Industrial rents in Australia still have further to rise, according to Knight Frank’s Australian Horizon 2024 report

21 November 2023

Despite sustained and substantial growth in industrial rents over the past three years in Australia, they still have further to rise, with Sydney, Brisbane and Melbourne to have the strongest growth in 2024, according to Knight Frank’s Australian Horizon 2024 report.

The forecast for ongoing industrial rental growth is one of the top seven property predictions for 2024 from the report, which notes that a key question being asked in the industrial market as we head into next year is ‘Does the current phase of rental growth in the industrial market have further to run?’.

Knight Frank Partner, Research and Consulting Jennelle Wilson said the answer to the question was yes, pointing to the level of rent as a proportion of total operational costs for industrial users, as well as global comparisons.

“The first reason industrial rental growth is set to continue is that an assessment of rental costs as a proportion of total operational costs for a wide range of industrial space users suggest rents are not yet presenting an unmanageable burden,” she said.

“Analysis of third party data shows that for most business types studied, less than five per cent of total costs came from rents.
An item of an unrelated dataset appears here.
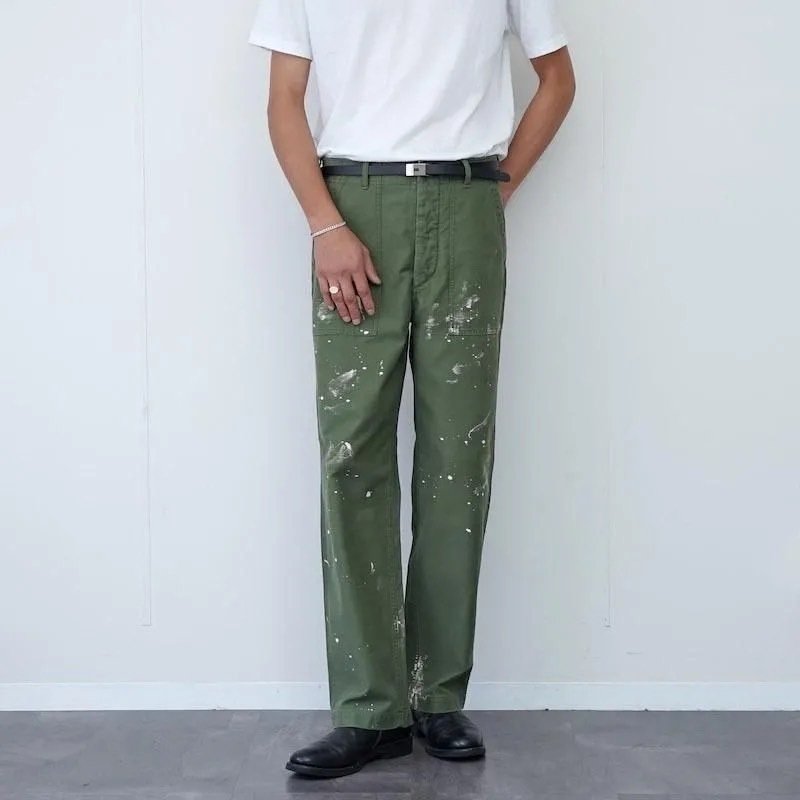 唯一無二の軍パン、AURALEE流ブリーチベイカー。【AURALEE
Anecdotally rents, on new leases or market reviews are representing five per cent to up to 10 per cent of the total operational costs for the majority industrial users, although for some Sydney tenants it may be up to 15 per cent,” she said.

“While rents and other operating costs are increasing, the data indicates that in most cases companies have been able to pass through the increases to end consumers, in keeping with the wider dynamic of a high inflation.

“Large companies appear to have the resources and business need to continue to absorb higher rental levels, although very tight supply levels in Sydney may drive longer term changes to the way companies allocate their holdings across the country.”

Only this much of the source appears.